● Collected material
====================

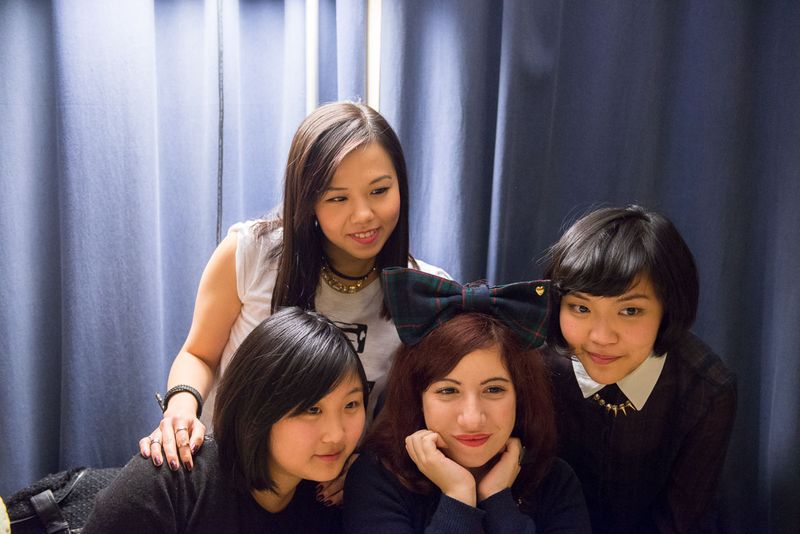© Agnese Morganti - Florence, a group of Chinese and Italian friends pose for a portrait.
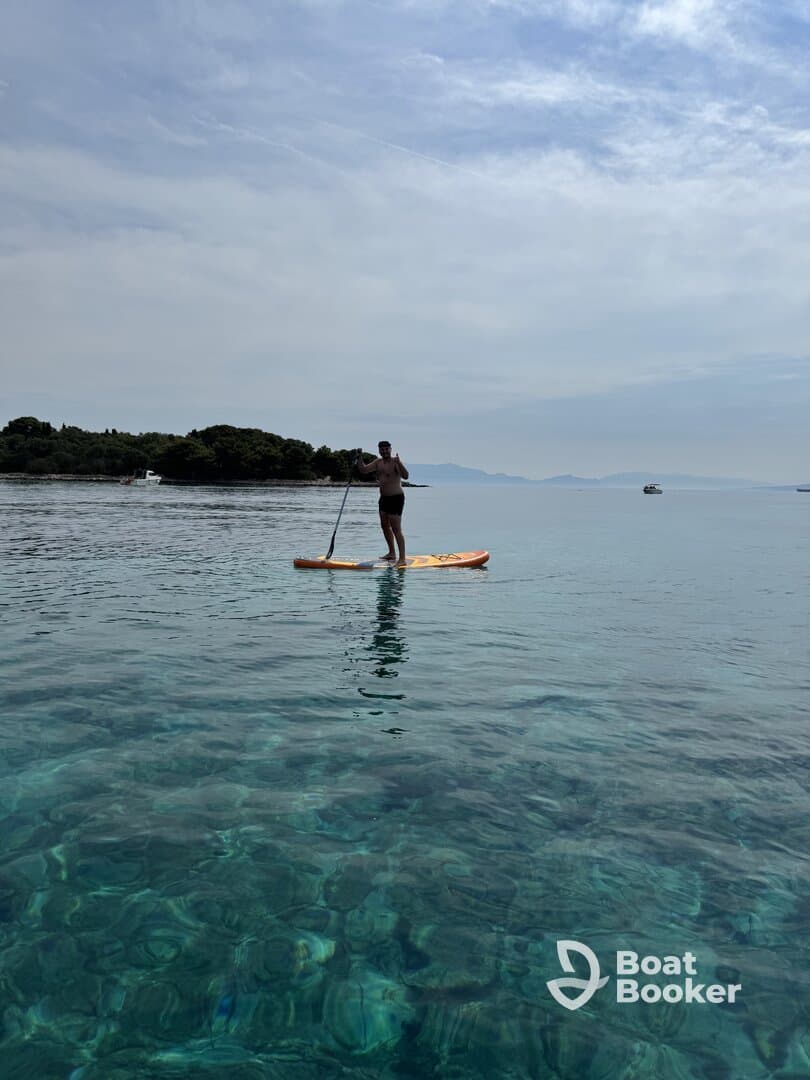 A paddleboarder enjoys the serene waters, showcasing the beauty of clear turquoise depths — perfect for water sports enthusiasts.
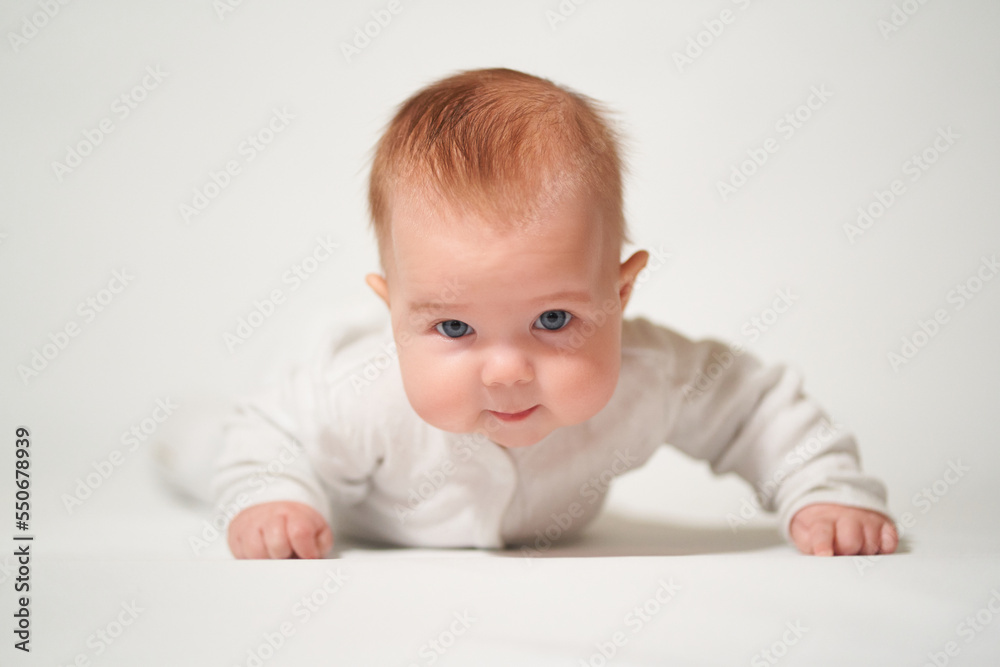 portrait of an infant lying on his back with a sly emotion on a white background portrait of an infant lying on his back with a sly emotion on a white background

====================

Please give back the material above exactly as written, pictures omitted.

● Solution for this problem
© Agnese Morganti - Florence, a group of Chinese and Italian friends pose for a portrait.
 A paddleboarder enjoys the serene waters, showcasing the beauty of clear turquoise depths — perfect for water sports enthusiasts.
 portrait of an infant lying on his back with a sly emotion on a white background portrait of an infant lying on his back with a sly emotion on a white background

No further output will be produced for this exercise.